Batteries are devices that convert chemical energy into electrical energy. Materials inside the battery lose electrons — tiny negatively-charged particles. Those electrons flow to another material in the battery. The flow of electrons is an electric current. And that current powers your device. Batteries are so important that scientists who created rechargeable ones won a Nobel Prize.

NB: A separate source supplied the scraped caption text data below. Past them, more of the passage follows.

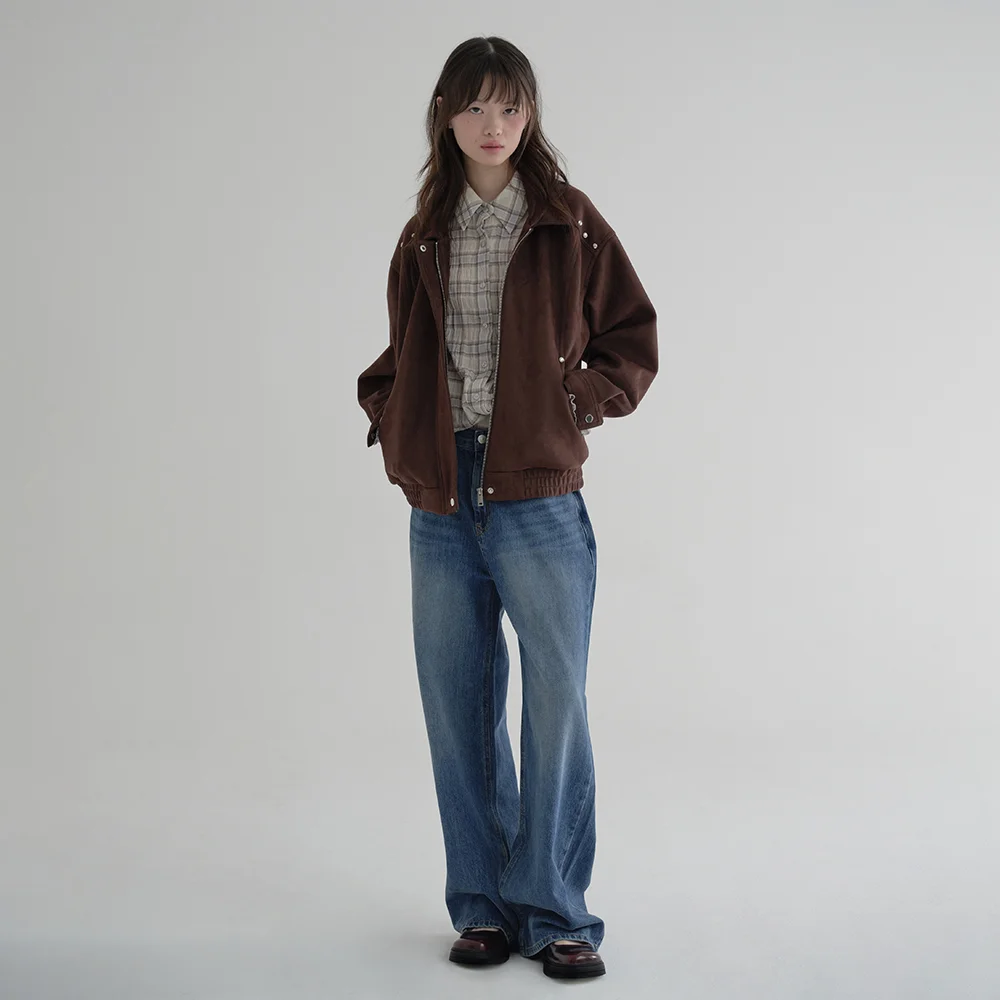 RIVET SUEDE JACKET (BROWN)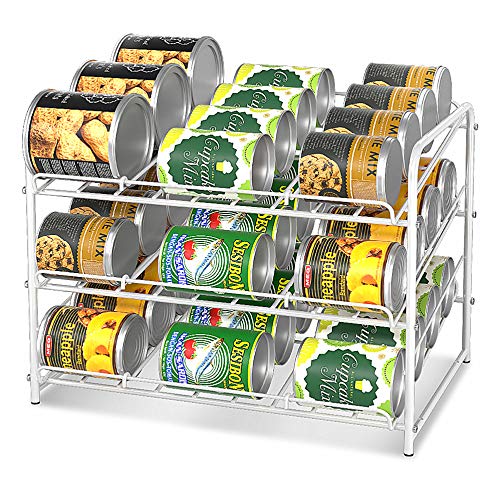 Simple Trending Can Rack Organizer, Stackable Can Storage Dispenser Holds up to 36 Cans for Kitchen Cabinet or Pantry, White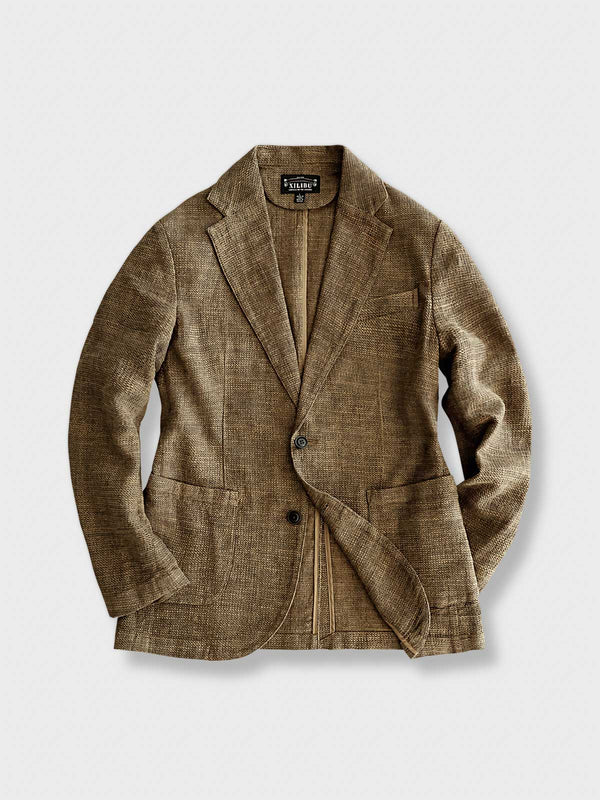 Coffee linen tailored jacket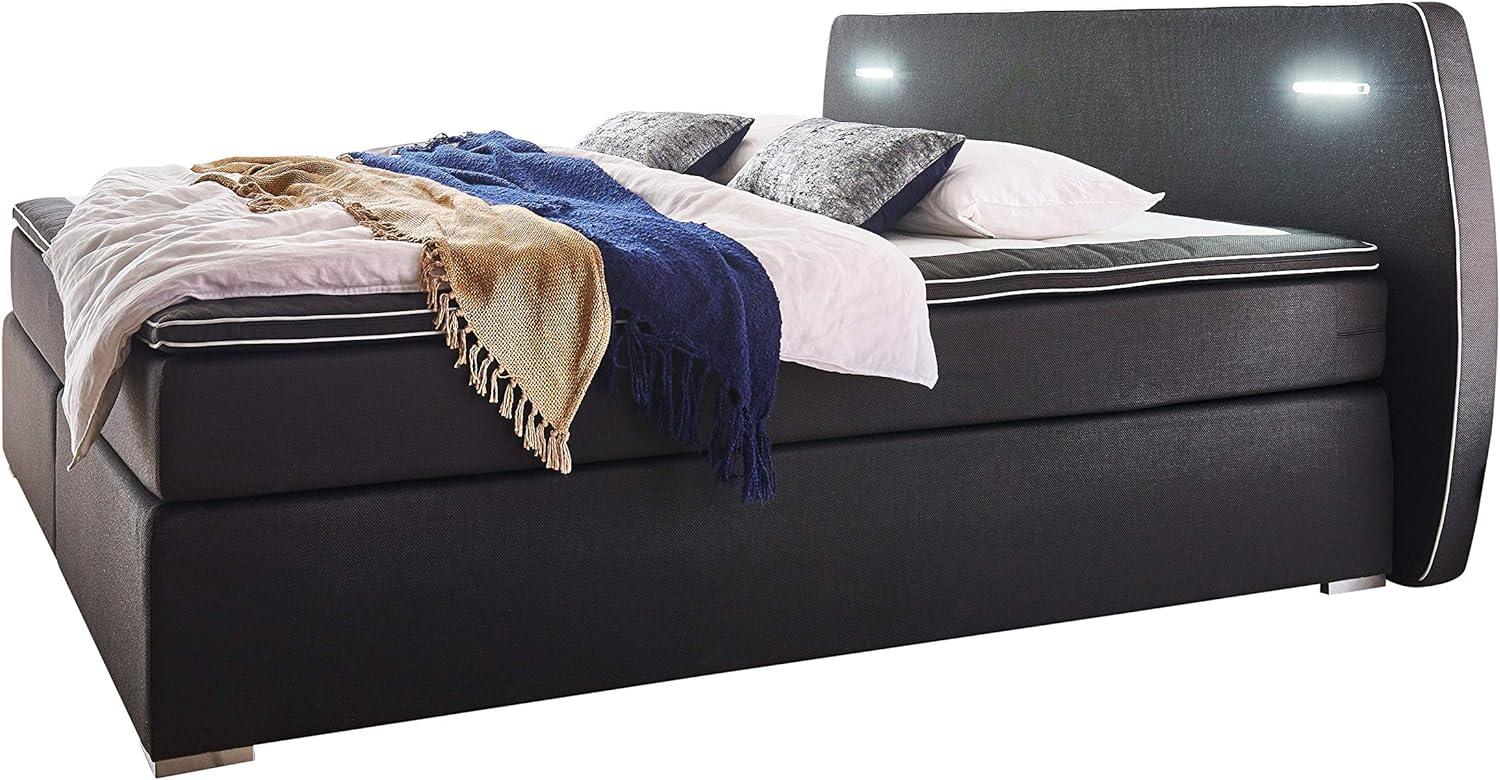 Atlantic Home Collection REX180-LED04 Boxspringbett inklusive LED Beleuchtung und Topper, Schwarz, 180 x 200 cm Bild 1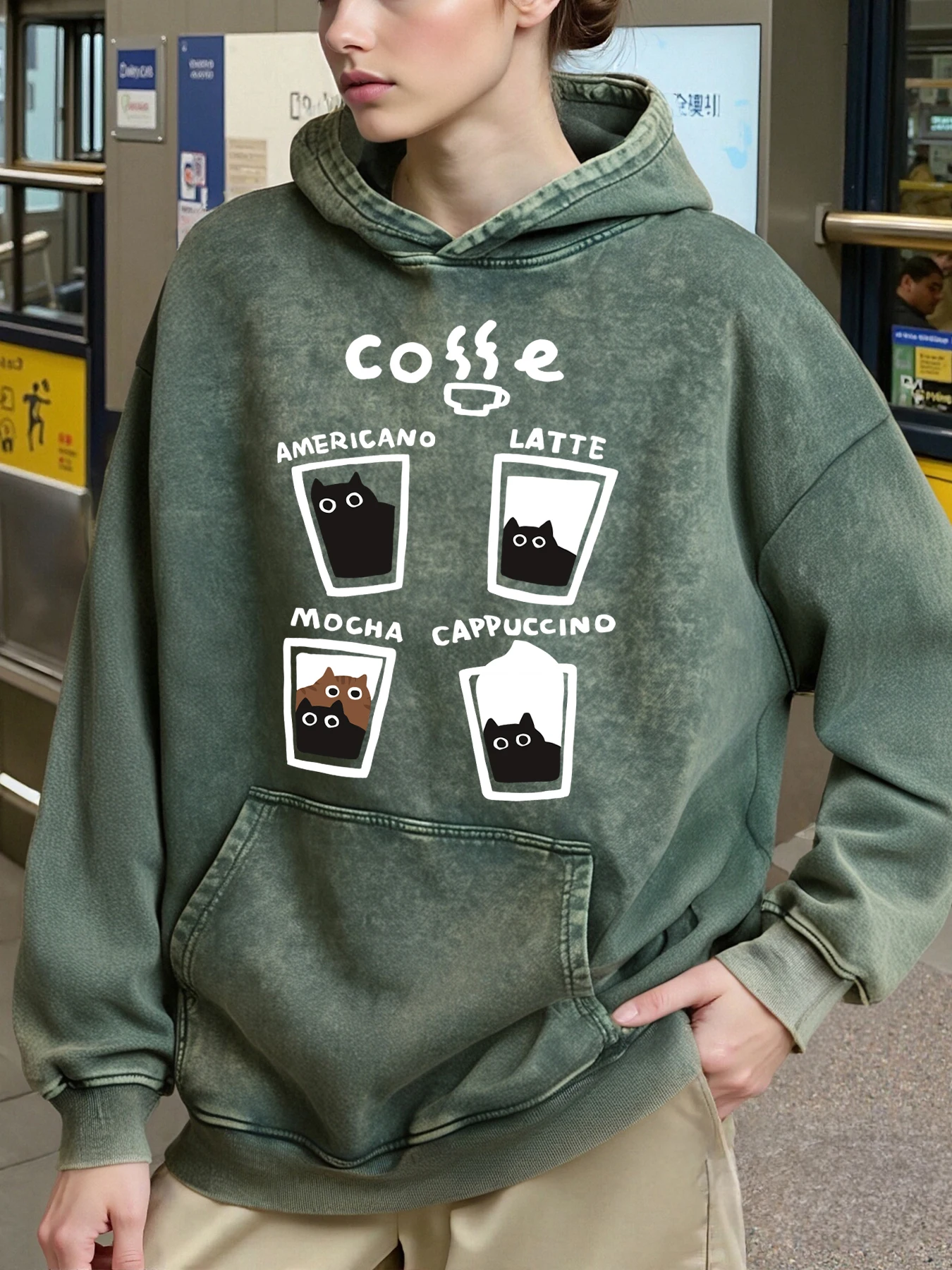 فنجان القهوة الأمريكية القطط الطباعة المرأة غسلها هوديس الهيب هوب كل مباراة هوديي الخريف الشتاء القطن هودي جيب ملابس رياضية #3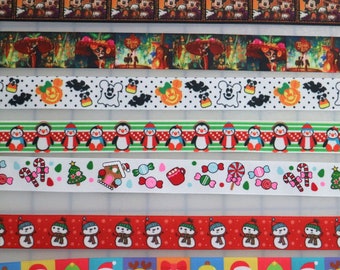 10 yards 7/8" Print Grosgrain Ribbon for bows - baby shower pin - christmas - mouse halloween - ghosts - snowman - day of the dead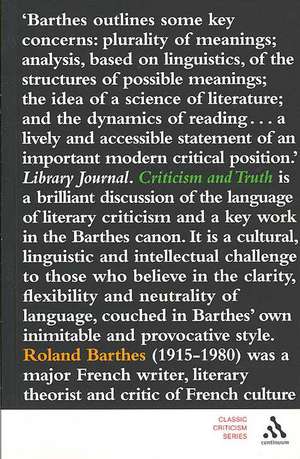 Criticism and Truth de Roland Barthes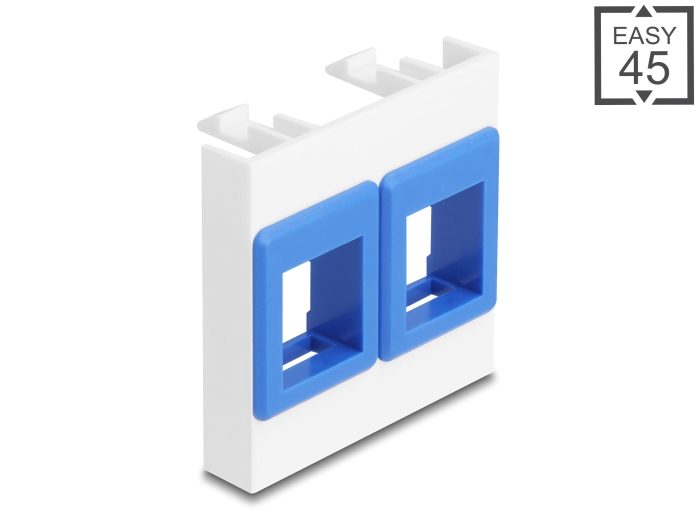 Delock Easy 45 Modul mit zwei Keystone Halterungen 45 x 45 mm, weiß / blau #1 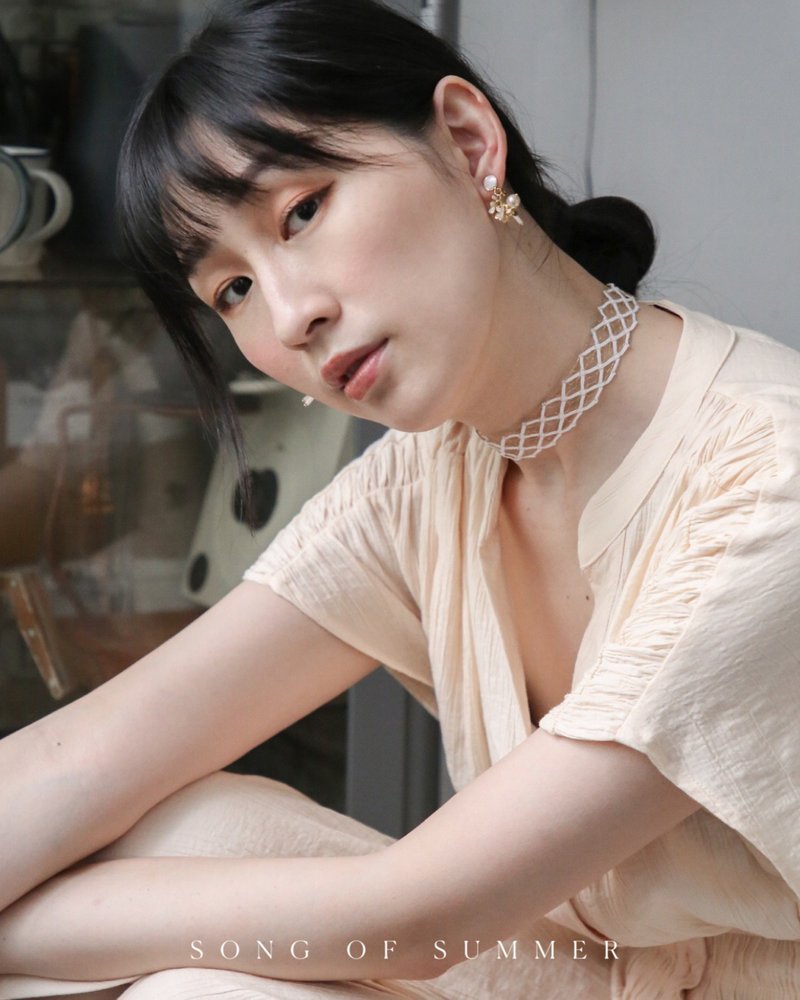 Febbi 法式蕾丝颈链  定制化 项链 短项链 限量商品 - 项链 - 棉．麻 白色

While batteries are useful, they can also be dangerous. The fluids and pastes inside that help create the current can catch on fire — with very dangerous results. So scientists are working to make batteries that are both safe and powerful. They’re also finding new ways to make electric currents. Some devices may one day be powered by electric currents made from your sweat. Otherwise might use bacteria

How does a battery work? And why do they run out at the worst time? This video has you covered.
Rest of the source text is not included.